De conclusie is dat het verzoek feiten betreft ten aanzien waarvan krachtens de OLW overlevering had kunnen worden toegestaan. De rechtbank zal het verzoek toewijzen.

2.Beslissing

De rechtbank:
verleent op grond van artikel 14, eerste lid, aanhef en onder f, en derde lid, OLW toestemming voor tenuitvoerlegging van de straf van
[overgeleverde persoon]voor de feiten zoals vermeld in het verzoek.
Deze beslissing is genomen op 19 juli 2023 door
mr.

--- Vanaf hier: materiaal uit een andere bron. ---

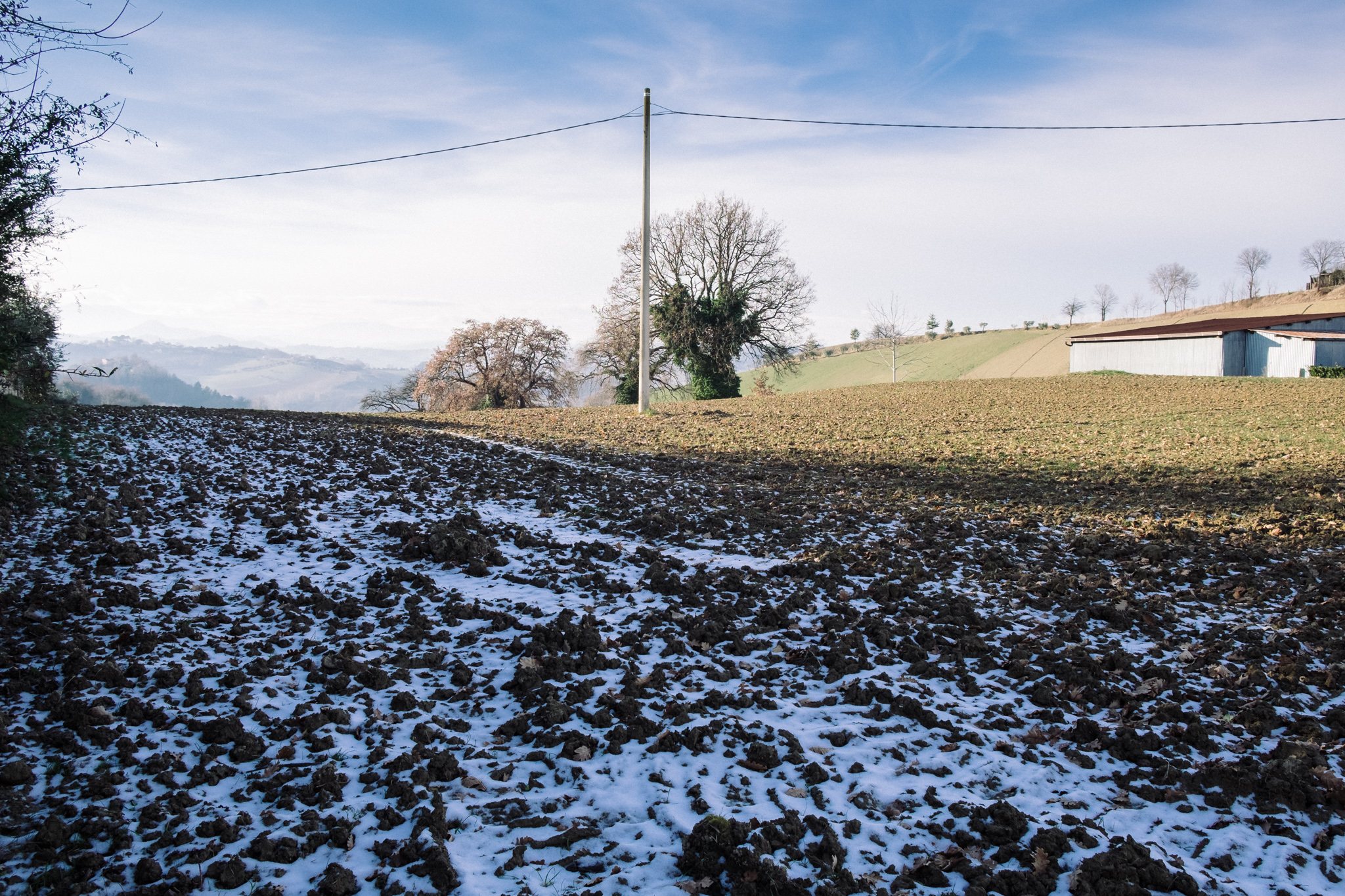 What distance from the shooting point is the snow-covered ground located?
117 inches

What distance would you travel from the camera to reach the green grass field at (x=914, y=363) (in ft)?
215

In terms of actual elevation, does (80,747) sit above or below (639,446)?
below

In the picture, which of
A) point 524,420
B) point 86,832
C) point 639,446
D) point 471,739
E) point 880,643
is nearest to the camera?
point 86,832

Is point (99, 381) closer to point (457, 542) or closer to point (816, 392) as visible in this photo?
point (816, 392)

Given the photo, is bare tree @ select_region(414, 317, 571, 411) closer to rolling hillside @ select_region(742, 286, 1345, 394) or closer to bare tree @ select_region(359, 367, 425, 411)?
bare tree @ select_region(359, 367, 425, 411)

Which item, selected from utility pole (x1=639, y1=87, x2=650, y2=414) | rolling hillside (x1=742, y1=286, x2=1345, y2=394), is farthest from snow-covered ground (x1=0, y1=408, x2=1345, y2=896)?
rolling hillside (x1=742, y1=286, x2=1345, y2=394)

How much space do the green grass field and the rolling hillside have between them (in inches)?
3.0

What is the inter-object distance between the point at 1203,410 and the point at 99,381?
7724 inches

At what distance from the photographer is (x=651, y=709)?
4164mm

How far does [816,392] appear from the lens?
94.9ft

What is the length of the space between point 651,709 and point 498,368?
3926cm

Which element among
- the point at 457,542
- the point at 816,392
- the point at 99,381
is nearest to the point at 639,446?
the point at 457,542

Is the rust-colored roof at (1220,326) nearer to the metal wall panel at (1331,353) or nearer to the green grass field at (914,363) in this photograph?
the metal wall panel at (1331,353)

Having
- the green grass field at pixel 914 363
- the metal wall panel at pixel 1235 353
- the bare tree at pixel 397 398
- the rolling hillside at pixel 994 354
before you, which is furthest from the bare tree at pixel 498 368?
the metal wall panel at pixel 1235 353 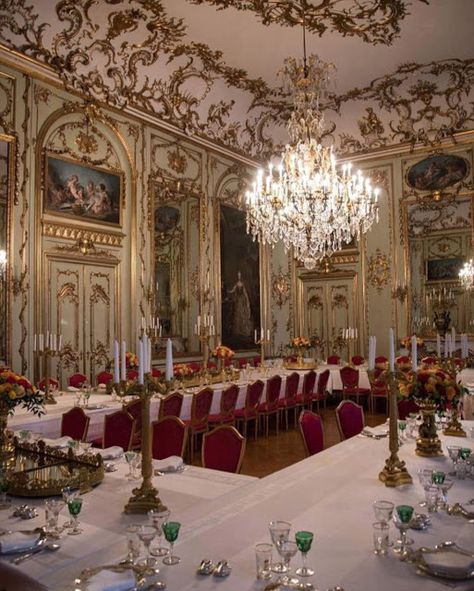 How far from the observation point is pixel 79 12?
7.63 meters

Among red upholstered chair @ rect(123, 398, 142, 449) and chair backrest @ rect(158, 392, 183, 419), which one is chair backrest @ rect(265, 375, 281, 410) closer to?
chair backrest @ rect(158, 392, 183, 419)

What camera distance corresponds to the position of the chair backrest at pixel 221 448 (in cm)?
364

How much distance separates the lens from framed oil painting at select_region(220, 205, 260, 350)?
11688 mm

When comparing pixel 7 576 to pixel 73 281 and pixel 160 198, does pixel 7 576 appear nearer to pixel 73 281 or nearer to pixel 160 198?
pixel 73 281

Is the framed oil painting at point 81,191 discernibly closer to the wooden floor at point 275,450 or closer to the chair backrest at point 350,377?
the wooden floor at point 275,450

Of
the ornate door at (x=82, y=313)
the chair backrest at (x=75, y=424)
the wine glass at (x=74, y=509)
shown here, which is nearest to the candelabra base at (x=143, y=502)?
the wine glass at (x=74, y=509)

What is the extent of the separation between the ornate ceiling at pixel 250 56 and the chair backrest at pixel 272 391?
5.39m

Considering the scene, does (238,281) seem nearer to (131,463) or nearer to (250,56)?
(250,56)

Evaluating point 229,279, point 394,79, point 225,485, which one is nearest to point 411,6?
point 394,79

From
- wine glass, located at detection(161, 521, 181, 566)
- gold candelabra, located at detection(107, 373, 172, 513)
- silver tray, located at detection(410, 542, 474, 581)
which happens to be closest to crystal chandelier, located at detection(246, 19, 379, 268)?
gold candelabra, located at detection(107, 373, 172, 513)

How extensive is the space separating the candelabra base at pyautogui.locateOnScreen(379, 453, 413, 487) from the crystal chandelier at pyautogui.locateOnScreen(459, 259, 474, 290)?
30.3 feet

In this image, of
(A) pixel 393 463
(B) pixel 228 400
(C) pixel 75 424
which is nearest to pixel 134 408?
(C) pixel 75 424

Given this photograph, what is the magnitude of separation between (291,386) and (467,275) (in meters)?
5.25

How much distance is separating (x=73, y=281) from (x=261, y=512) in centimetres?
680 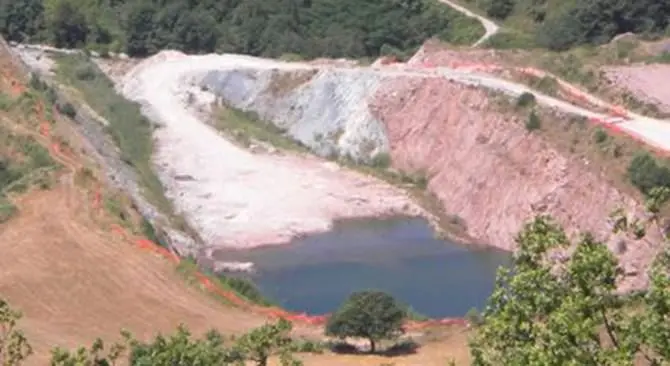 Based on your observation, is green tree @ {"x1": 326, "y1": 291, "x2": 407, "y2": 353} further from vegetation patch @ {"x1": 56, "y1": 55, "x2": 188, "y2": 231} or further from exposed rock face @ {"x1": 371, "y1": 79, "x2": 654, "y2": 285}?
vegetation patch @ {"x1": 56, "y1": 55, "x2": 188, "y2": 231}

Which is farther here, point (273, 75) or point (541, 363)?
point (273, 75)

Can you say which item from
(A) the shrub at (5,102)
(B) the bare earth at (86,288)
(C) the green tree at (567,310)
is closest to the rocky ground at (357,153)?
(A) the shrub at (5,102)

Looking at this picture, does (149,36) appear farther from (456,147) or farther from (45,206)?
(45,206)

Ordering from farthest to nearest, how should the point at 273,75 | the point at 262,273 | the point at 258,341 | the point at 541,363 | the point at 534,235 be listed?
the point at 273,75
the point at 262,273
the point at 258,341
the point at 534,235
the point at 541,363

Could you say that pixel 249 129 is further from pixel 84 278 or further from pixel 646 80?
pixel 84 278

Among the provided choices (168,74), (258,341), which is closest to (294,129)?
(168,74)

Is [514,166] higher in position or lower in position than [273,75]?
lower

M.E.M. James-Pater, voorzitter,
mrs. B.M. Vroom-Cramer en L. Sanders, rechters,
in tegenwoordigheid van mr. H.L. van Loon, griffier,

Voetnoten

1.HvJ EU 26 oktober 2021, C-428/21 PPU en C-429/21 PPU, ECLI:EU:C:2021:876, punt 63.
3.Vgl. rechtbank Amsterdam 25 augustus 2022, ECLI:RBAMS:2022:7015.